The manager of Prime US REIT has reported distributable income of US$17.6 million ($23.5 million) for the 1QFY2021 ended March, a 1.2% y-o-y dip from US$17.8 million the previous year.
The slight dip in distributable income follows gross revenue that grew 2.5% y-o-y to US$35.9 million, while net property income dipped 2% y-o-y to US$23 million.
In its business updated dated May 18, the manager says the REIT’s performance “remained stable”, with rent collection rate maintained at 99% throughout FY2020 and into 1QFY2021.
Portfolio occupancy stood at 91.7%, with weighted average lease expiry of 4.3 years and “minimal” near-term lease expiries.
57,647 square feet of long-term leases were executed in 1Q2021 at positive rental reversion of 9.5%. “Despite current low physical occupancy due to Covid, interest in PRIME’s quality assets continue to pick up as the US economy recovers and more tenants make longer-term leasing decisions,” the manager says.
Aggregate leverage stood at 33.8% as of March 31, compared to 33.5% as of Dec 31, 2020, with debt headroom of US$290 million (at 45% gearing) and US$91.9 million of undrawn facilities.
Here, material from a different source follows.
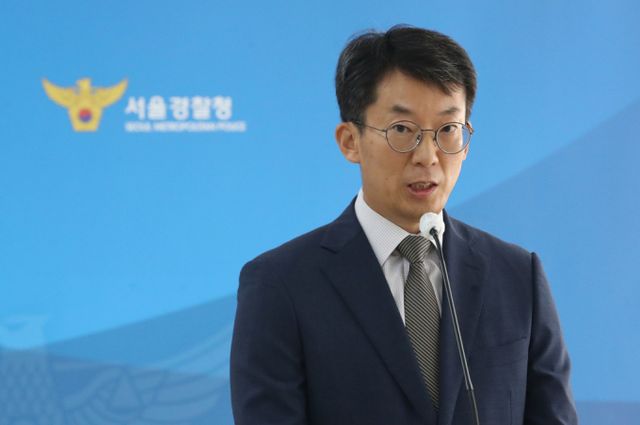 올해 해외 기술유출 비중이 처음으로 20%를 넘겼다. 사진은 조광현 안보수사지원과장이 지난 9월 10일 오후 서울 종로구 사직로 서울경찰청 회의실에서 국가핵심 반도체 기술 유출사건 관련 브리핑을 하고 있는 모습. /사진=뉴스1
SEE:'Buy' Prime US REIT as Americans return to the office: RHB
To that end, the manager notes that PRIME remains “well-positioned” to continue pursuing accretive acquisitions in non-gateway and key US office markets and is actively exploring opportunities.
Looking ahead, the manager states that the US government’s fiscal stimulus, combined with the ongoing vaccination rollout has boosted market optimism.
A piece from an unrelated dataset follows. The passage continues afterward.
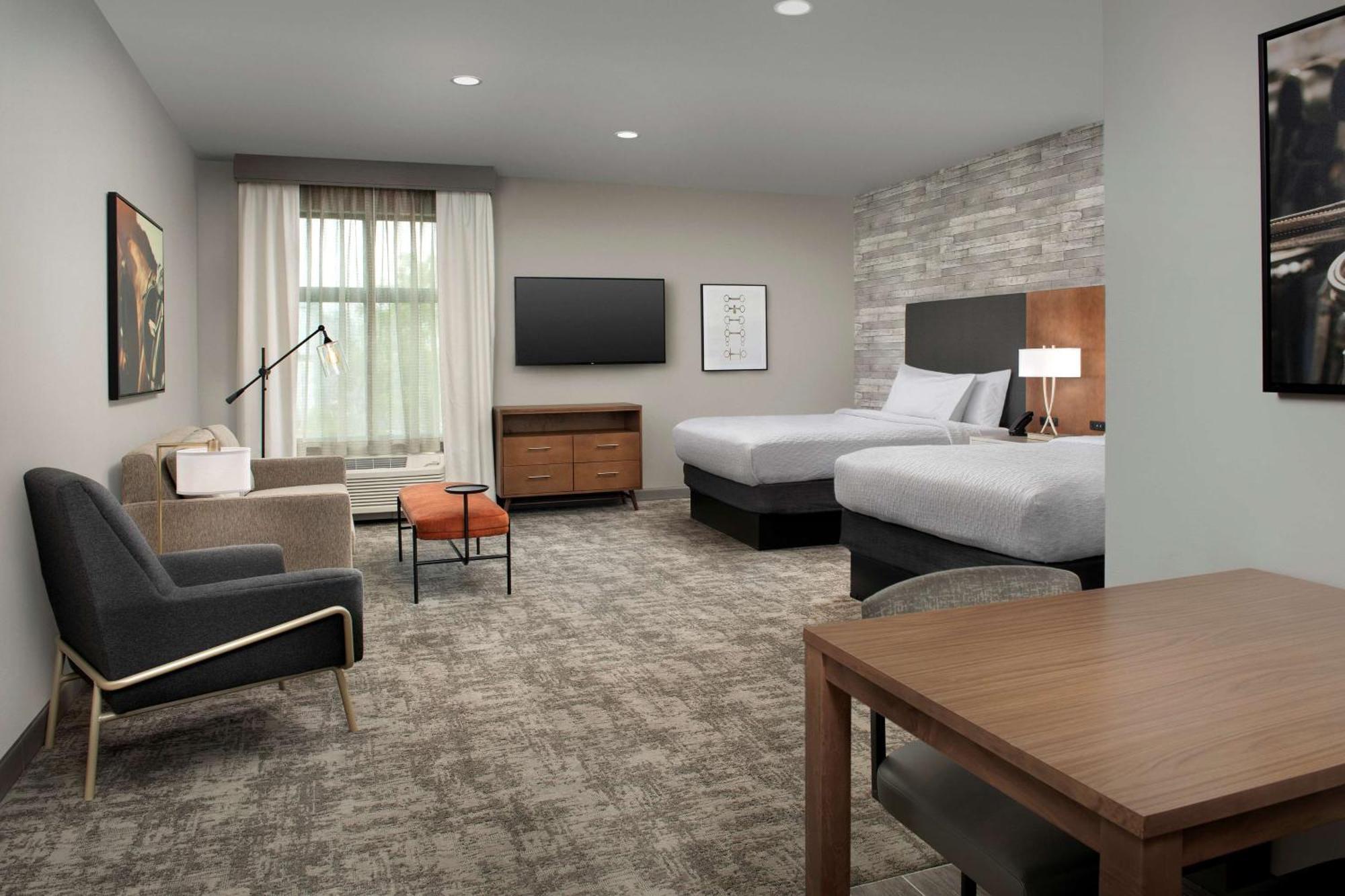 Homewood Suites By Hilton Louisville Airport ภายนอก รูปภาพ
Citing studies by Cushman & Wakefield, the manager notes that office employment is expected to match the pre-pandemic peak by mid-2022. In the meantime, the hybrid work model could be the “next normal” in the near term as major companies, while quality office spaces will remain relevant as offices are deemed as a better place for casual interactions, collaboration, and innovation. To that end, the manager believes the REIT can capitalise on opportunities available, especially given its focus on attracting tenants from technology and growth industry sectors.
Barbara Cambon, CEO and chief investment officer of the manager, says that the REIT’s diversified portfolio and its focus in tech, as well as other established sectors, underpin its resiliency. “By leveraging technology, implementing protective measures and having close communications with tenants, we work closely with our experienced asset management team to provide a safe and healthy environment as tenants gradually return to the office,” she adds.
Units in Prime US REIT closed 0.5 cents or 0.59% higher at 85.5 US cents on May 18.